On Thu, 2002-02-14 at 17:54, Tom Lane wrote:

Brian Hirt <bhirt@mobygames.com> writes:

I decided to try the pg_upgrade program, something I usually never do.

FATAL 2: read of clog file 0, offset 139264 failed: Success

Could we see ls -l $PGDATA/pg_clog?

I suspect that pg_upgrade has neglected to make sure the clog is long
enough.

regards, tom lane

---------------------------(end of broadcast)---------------------------
TIP 2: you can get off all lists at once with the unregister command
(send "unregister YourEmailAddressHere" to majordomo@postgresql.org)

#4Bruce Momjian
pgman@candle.pha.pa.us
In reply to: Tom Lane (#2)
Re: Strange problem when upgrading to 7.2 with pg_upgrade.

Tom Lane wrote:

Brian Hirt <bhirt@mobygames.com> writes:

I decided to try the pg_upgrade program, something I usually never do.

FATAL 2: read of clog file 0, offset 139264 failed: Success

Could we see ls -l $PGDATA/pg_clog?

I suspect that pg_upgrade has neglected to make sure the clog is long
enough.

Here is the code that sets the transaction id.

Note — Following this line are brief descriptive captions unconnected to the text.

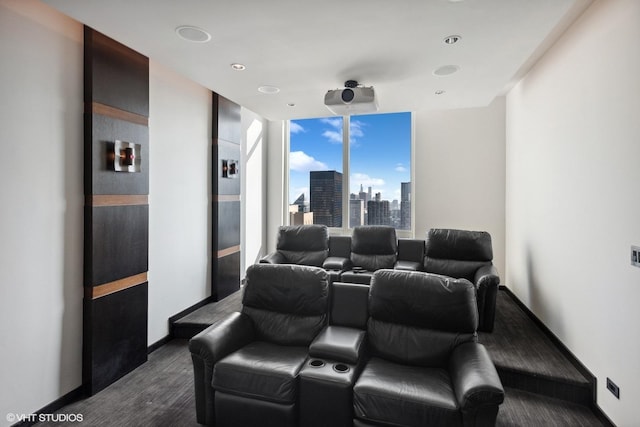 home theater room with baseboards and dark wood-style floors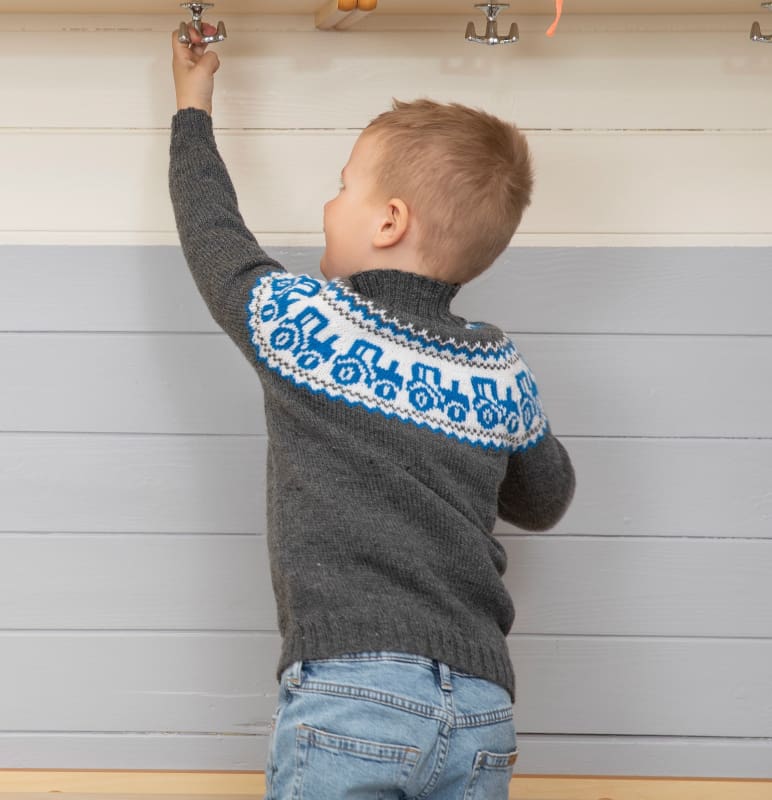 Strikk The Look: Traktorgenser grå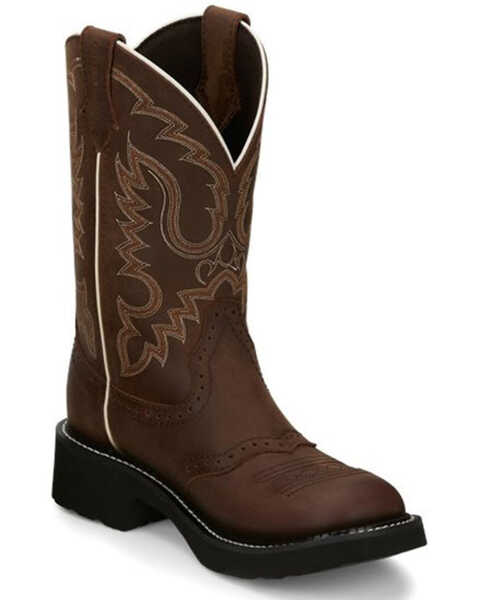 Image #1 - Justin Women's Inji Western Boots - Round Toe, Distressed Brown, hi-res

Tom, does pg_resetxlog
handle pg_clog file creation properly?

# Set this so future backends don't think these tuples are their own
# because it matches their own XID.
# Commit status already updated by vacuum above
# Set to maximum XID just in case SRC wrapped around recently and
# is lower than DST's database

if [ "$SRC_XID" -gt "$DST_XID" ]
then MAX_XID="$SRC_XID"
else MAX_XID="$DST_XID"
fi

pg_resetxlog -x "$MAX_XID" "$PGDATA"
if [ "$?" -ne 0 ]
then echo "Unable to set new XID. Exiting." 1>&2
exit 1
fi

-- 
  Bruce Momjian                        |  http://candle.pha.pa.us
  pgman@candle.pha.pa.us               |  (610) 853-3000
  +  If your life is a hard drive,     |  830 Blythe Avenue
  +  Christ can be your backup.        |  Drexel Hill, Pennsylvania 19026
#5Tom Lane
tgl@sss.pgh.pa.us
In reply to: Bruce Momjian (#4)
Re: Strange problem when upgrading to 7.2 with pg_upgrade.

Bruce Momjian <pgman@candle.pha.pa.us> writes:

I suspect that pg_upgrade has neglected to make sure the clog is long
enough.

Here is the code that sets the transaction id. Tom, does pg_resetxlog
handle pg_clog file creation properly?

pg_resetxlog doesn't know a single solitary thing about the clog.

The problem here is that if you're going to move the current xact ID
forward, you need to be prepared to create pages of the clog
accordingly. Or maybe the clog routines need to be less rigid in their
assumptions, but I'm uncomfortable with relaxing their expectations
unless it can be shown that they may fail to cope with cases that
arise in normal system operation. This isn't such a case.

regards, tom lane

#6Bruce Momjian
pgman@candle.pha.pa.us
In reply to: Tom Lane (#5)
Re: Strange problem when upgrading to 7.2 with pg_upgrade.

Tom Lane wrote:

Bruce Momjian <pgman@candle.pha.pa.us> writes:

I suspect that pg_upgrade has neglected to make sure the clog is long
enough.

Here is the code that sets the transaction id. Tom, does pg_resetxlog
handle pg_clog file creation properly?

pg_resetxlog doesn't know a single solitary thing about the clog.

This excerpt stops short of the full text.